Why an insertion in streams makes its width reset to 0? - c++

It seems an insertion causes a stream to reset its width to 0. In other words, you need to repeatedly call the width() whenever you want to align your output, which makes me wonder why. I've looked over the c++11 standard and I found a partial answer, which suggests that width(0) is called inside character inserters according to the ISO C++ standard §27.7.3.6.4.1. However, they are just a subset of the inserters, which is not a complete answer. Then, what about arithmetic inserters? I couldn't find any other references that can explain the behavior of streams.

Because that's the way the streams were specified. In an << operator,
width should be reset, the other formatting options no. I can only
guess as to why: presumably, for things like:
std::cout << std::setw(8) << someValue << " cm";
You wouldn't want the width to apply to the string " cm", for example.
But you would want to be able to write:
std::cout << std::setw(8) << price << " | " << setw(20) << article;
where article is a string.
Except that, of course, for that to work, you'd have to also change the
justification before the string, and the change in justification would
be sticky, affecting the next numeric output.
In practice, of course, experienced programmers don't write this sort of
code. They'd use something like:
std::cout << price(column1Width) << article.price
<< " | " << label(column2Width) << article.name;
(supposing that they still had to generate tables using a fixed width
font). Where price and label were manipulators which set any number
of format flags, and restored them in their destructor. (Since they are
temporaries, their destructor will be called at the end of the full
expression.) This way, this particular line of code doesn't say
anything about the physical formatting, but rather that the first value
should be formatted as a price, and the second as a label. (And of
course, if someone higher up later decides that prices or labels should
be formatted differently, you just change the manipulators, rather than
searching all of the output statements, and trying to figure out which
are prices, and which aren't.)
EDIT (added references to the standard):
It's important to note that the standard cannot cover everything here,
since most of the time, you'll be using custom operator<<, written by
the author of the class you're outputting.

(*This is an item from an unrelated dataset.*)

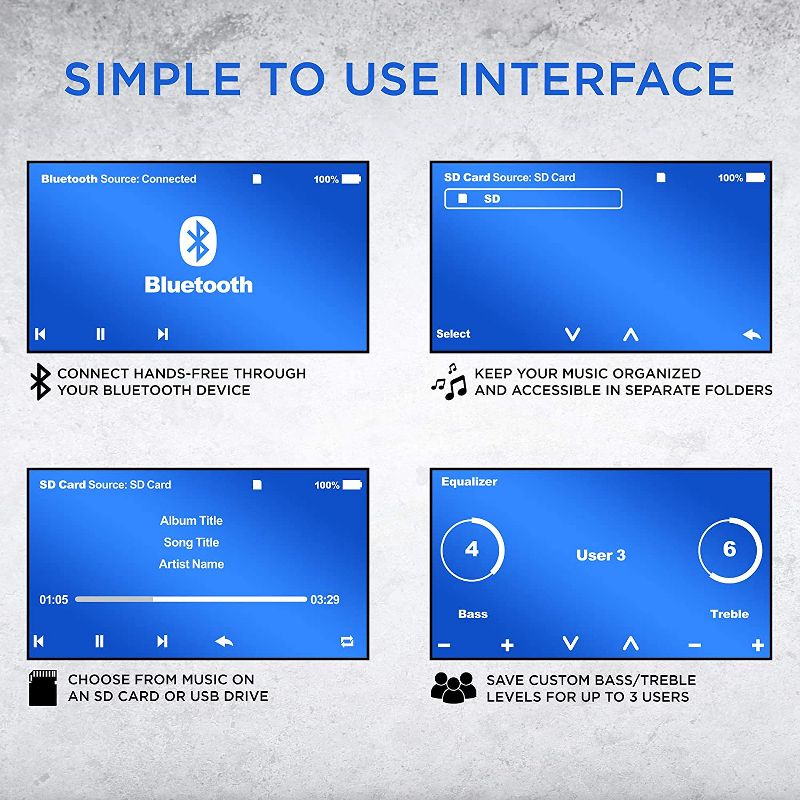 LyxPro Traveler Portable PA Speaker | 100W Rechargeable PA System w/ 8&rdquo; Woofer, Bluetooth, USB/SD Card Reader, LCD Screen & Inputs for Mic, XLR, RCA & Lines | Perfect for Karaoke, Presentations, Etc.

Most of the built-in
operator<< are covered by §22.4.2.2.2, in its description of stage 3:
If str.width() is nonzero and the number of charT’s in the sequence
after stage 2 is less than str.width(), then enough fill characters are
added to the sequence at the position indicated for padding to bring the
length of the sequence to str.width().
str.width(0) is called.
For characters and C style strings, this is specified (in much the same
way) in §27.7.3.6.4. For std::string, see §21.4.8.8.
For std::complex: the standard defines insertion in terms of other
insertion operators. Any setting of width will thus affect only the
real element. (Practically speaking, I think we can consider this
broken. When I implemented a pre-standard complex class, my <<
checked the width, and if it was non-zero, subtracted 3 for the
non-numeric fields, then divided by 2 and set it before outputting each
double. I"m not sure that this is right, but it's certainly better than
what the standard specifies. And I also used a semi-colon as separator
if the decimal was a comma, as it is in most places I've lived.)
The fact that the other formatting options remain unchanged is because
the standard doesn't specify anything, and additional side effects,
other than those specified, are assumed to be forbidden.
In all cases, the specification says that stream.width(0) is called.
But in the standard, each case is specified separately. There is no
specification (even for intent) of any general rule that I can find.
Traditionally, however, the rule has always been: reset width, and leave
the others unchanged. The principle of least surprise says that you
should do this for user defined << (and >>) as well.

Related

Writing single-char vs. char const* to buffer

When writing single characters to an output stream, the purist in me wants to use single quotes (e.g.):
unsigned int age{40};
std::ostringstream oss;
oss << "In 2022, I am " << age << '\n'; // 1. Single quotes around \n
oss << "In 2023, I will be " << age + 1u << "\n"; // 2. Minor ick--double quotes around \n
Because I'm writing a single character and not an arbitrary-length message, it doesn't seem necessary to have to provide a null-terminated string literal.
So I decided to measure the difference in speed. Naively, I'd expect option 1, the single-character version, to be faster (only one char, no need to handle \0). However, my test with Clang 13 on quick-bench indicates that option 2 is a hair faster. Is there an obvious reason for this?
https://quick-bench.com/q/3Zcp62Yfw_LMbh608cwHeCc0Nd4
Of course, if the program is spending a lot of time writing data to a stream anyway, chances are the program needs to be rethought. But I'd like to have a reasonably correct mental model, and because the opposite happened wrt what I expected, my model needs to be revised.
As you can see in the assembly and in the libc++ source here, both << operations in the end call the same function __put_character_sequence which the compiler decided to not inline in either case.
So, in the end you are passing a pointer to the single char object anyway and if there is a pointer indirection overhead it applies equally to both cases.
__put_character_sequence also takes the length of the string as argument, which the compiler can easily evaluate at compile-time for "\n" as well. So there is no benefit there any way either.
In the end it probably comes down to the compiler having to store the single character on the stack since without inlining it can't tell whether __put_character_sequence will modify it. (The string literal cannot be modified by the function and also would have the same identity between iterations of the loop.)
If the standard library used a different approach or the compiler did inline slightly differently, the result could easily be the other way around.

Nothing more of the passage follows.